+++ Given records

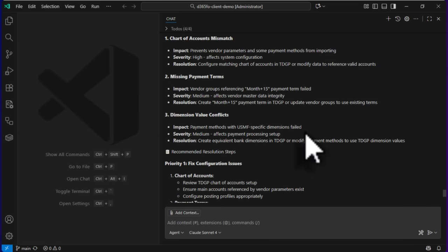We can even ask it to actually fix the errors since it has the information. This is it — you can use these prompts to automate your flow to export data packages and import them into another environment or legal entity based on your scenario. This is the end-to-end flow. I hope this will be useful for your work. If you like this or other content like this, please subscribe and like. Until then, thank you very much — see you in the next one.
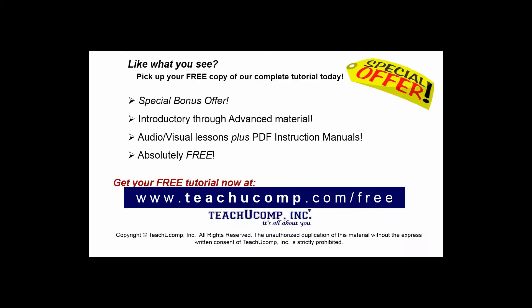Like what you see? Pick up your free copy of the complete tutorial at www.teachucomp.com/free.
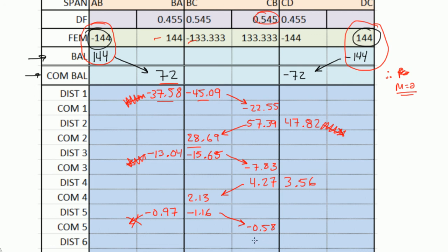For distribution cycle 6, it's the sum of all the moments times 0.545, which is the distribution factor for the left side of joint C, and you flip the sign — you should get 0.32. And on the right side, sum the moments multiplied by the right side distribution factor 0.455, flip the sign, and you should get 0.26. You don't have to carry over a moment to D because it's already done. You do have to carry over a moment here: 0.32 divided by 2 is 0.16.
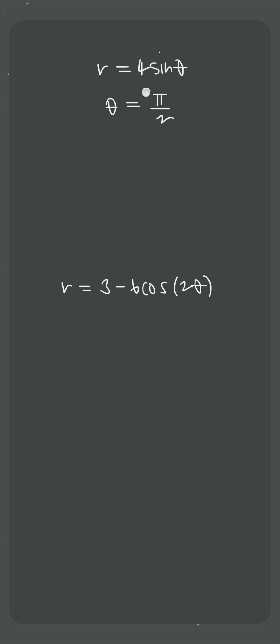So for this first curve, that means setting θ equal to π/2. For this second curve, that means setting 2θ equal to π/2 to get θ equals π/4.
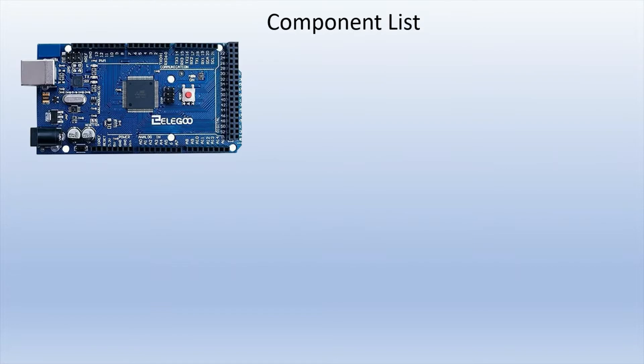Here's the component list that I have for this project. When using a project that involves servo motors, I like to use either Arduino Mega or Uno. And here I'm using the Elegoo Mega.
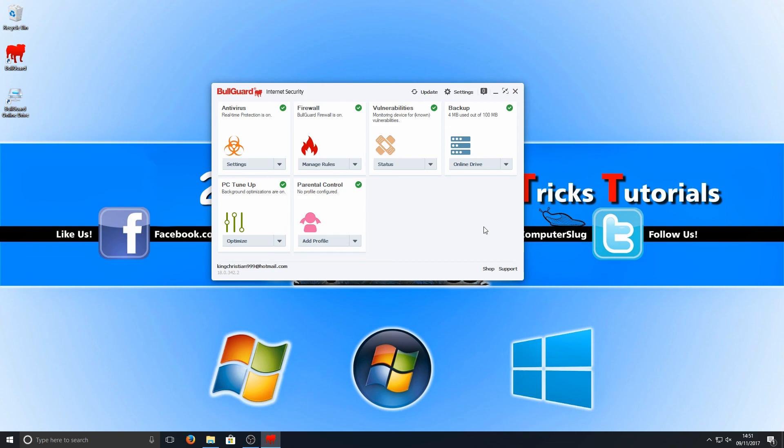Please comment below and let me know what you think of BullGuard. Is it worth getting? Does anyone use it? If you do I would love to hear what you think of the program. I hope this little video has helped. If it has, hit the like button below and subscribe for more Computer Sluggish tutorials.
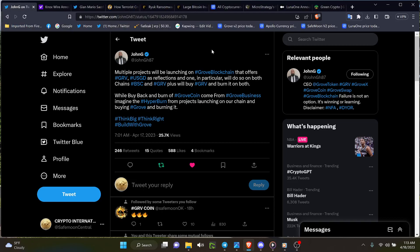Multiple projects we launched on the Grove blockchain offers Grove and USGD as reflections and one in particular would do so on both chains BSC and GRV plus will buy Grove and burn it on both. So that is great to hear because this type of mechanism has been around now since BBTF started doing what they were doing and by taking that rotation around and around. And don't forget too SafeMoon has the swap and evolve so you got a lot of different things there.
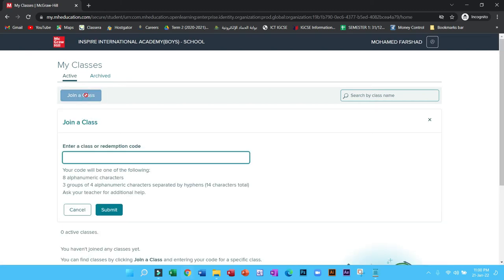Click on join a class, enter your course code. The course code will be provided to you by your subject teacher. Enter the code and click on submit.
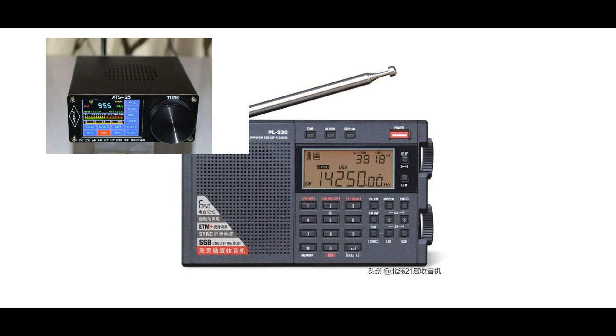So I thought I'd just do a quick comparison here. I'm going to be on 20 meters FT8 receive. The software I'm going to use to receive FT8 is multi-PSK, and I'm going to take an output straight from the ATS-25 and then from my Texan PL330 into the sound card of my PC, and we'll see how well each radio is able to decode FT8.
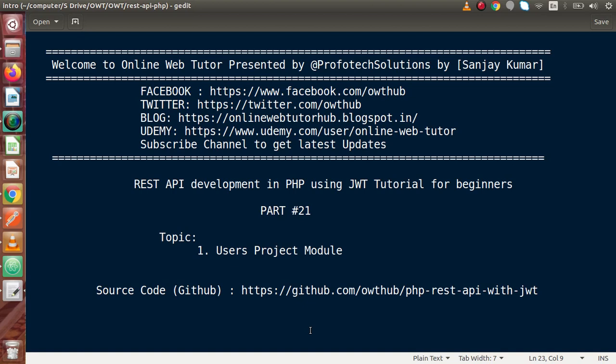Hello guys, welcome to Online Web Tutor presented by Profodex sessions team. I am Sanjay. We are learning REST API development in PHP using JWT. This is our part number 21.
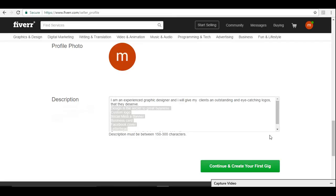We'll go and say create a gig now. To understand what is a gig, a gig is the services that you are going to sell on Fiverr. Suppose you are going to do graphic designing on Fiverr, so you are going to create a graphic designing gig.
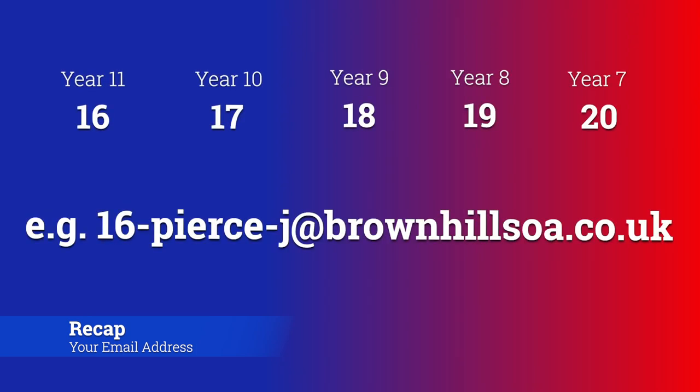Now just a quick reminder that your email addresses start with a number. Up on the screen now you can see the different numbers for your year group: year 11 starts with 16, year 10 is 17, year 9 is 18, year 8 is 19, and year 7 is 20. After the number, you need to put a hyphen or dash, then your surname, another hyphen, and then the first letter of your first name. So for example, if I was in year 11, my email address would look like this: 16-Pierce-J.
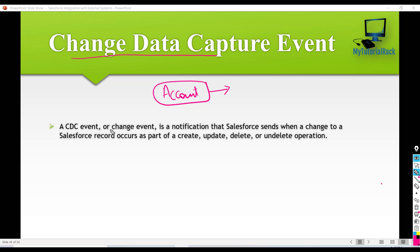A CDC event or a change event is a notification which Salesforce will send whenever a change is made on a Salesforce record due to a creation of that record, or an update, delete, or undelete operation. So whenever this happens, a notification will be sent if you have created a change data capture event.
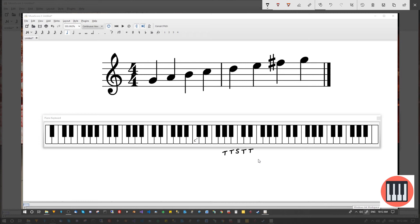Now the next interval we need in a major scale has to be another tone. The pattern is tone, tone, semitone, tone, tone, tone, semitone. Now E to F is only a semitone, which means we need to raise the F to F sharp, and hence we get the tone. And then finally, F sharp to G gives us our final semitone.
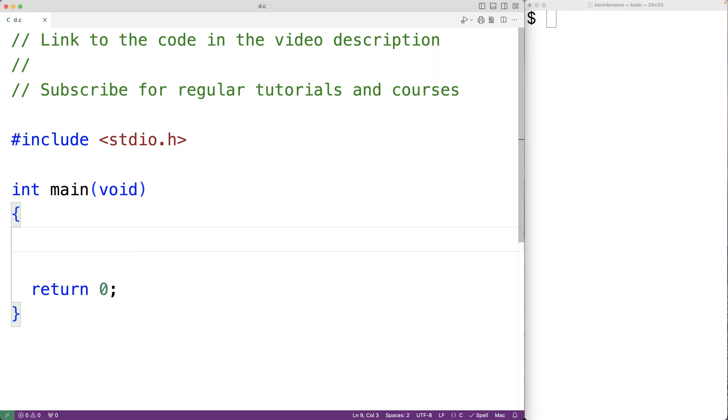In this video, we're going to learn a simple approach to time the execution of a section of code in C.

++++++

▶ **What you are asked to do**
Return the material above exactly; the images stay out.

▶ **Exercise output**
We can even ask it to actually fix the errors since it has the information. This is it — you can use these prompts to automate your flow to export data packages and import them into another environment or legal entity based on your scenario. This is the end-to-end flow. I hope this will be useful for your work. If you like this or other content like this, please subscribe and like. Until then, thank you very much — see you in the next one.
Like what you see? Pick up your free copy of the complete tutorial at www.teachucomp.com/free.
For distribution cycle 6, it's the sum of all the moments times 0.545, which is the distribution factor for the left side of joint C, and you flip the sign — you should get 0.32. And on the right side, sum the moments multiplied by the right side distribution factor 0.455, flip the sign, and you should get 0.26. You don't have to carry over a moment to D because it's already done. You do have to carry over a moment here: 0.32 divided by 2 is 0.16.
So for this first curve, that means setting θ equal to π/2. For this second curve, that means setting 2θ equal to π/2 to get θ equals π/4.
Here's the component list that I have for this project. When using a project that involves servo motors, I like to use either Arduino Mega or Uno. And here I'm using the Elegoo Mega.
Please comment below and let me know what you think of BullGuard. Is it worth getting? Does anyone use it? If you do I would love to hear what you think of the program. I hope this little video has helped. If it has, hit the like button below and subscribe for more Computer Sluggish tutorials.
Multiple projects we launched on the Grove blockchain offers Grove and USGD as reflections and one in particular would do so on both chains BSC and GRV plus will buy Grove and burn it on both. So that is great to hear because this type of mechanism has been around now since BBTF started doing what they were doing and by taking that rotation around and around. And don't forget too SafeMoon has the swap and evolve so you got a lot of different things there.
Click on join a class, enter your course code. The course code will be provided to you by your subject teacher. Enter the code and click on submit.
So I thought I'd just do a quick comparison here. I'm going to be on 20 meters FT8 receive. The software I'm going to use to receive FT8 is multi-PSK, and I'm going to take an output straight from the ATS-25 and then from my Texan PL330 into the sound card of my PC, and we'll see how well each radio is able to decode FT8.
Hello guys, welcome to Online Web Tutor presented by Profodex sessions team. I am Sanjay. We are learning REST API development in PHP using JWT. This is our part number 21.
We'll go and say create a gig now. To understand what is a gig, a gig is the services that you are going to sell on Fiverr. Suppose you are going to do graphic designing on Fiverr, so you are going to create a graphic designing gig.
Now just a quick reminder that your email addresses start with a number. Up on the screen now you can see the different numbers for your year group: year 11 starts with 16, year 10 is 17, year 9 is 18, year 8 is 19, and year 7 is 20. After the number, you need to put a hyphen or dash, then your surname, another hyphen, and then the first letter of your first name. So for example, if I was in year 11, my email address would look like this: 16-Pierce-J.
A CDC event or a change event is a notification which Salesforce will send whenever a change is made on a Salesforce record due to a creation of that record, or an update, delete, or undelete operation. So whenever this happens, a notification will be sent if you have created a change data capture event.
Now the next interval we need in a major scale has to be another tone. The pattern is tone, tone, semitone, tone, tone, tone, semitone. Now E to F is only a semitone, which means we need to raise the F to F sharp, and hence we get the tone. And then finally, F sharp to G gives us our final semitone.
In this video, we're going to learn a simple approach to time the execution of a section of code in C.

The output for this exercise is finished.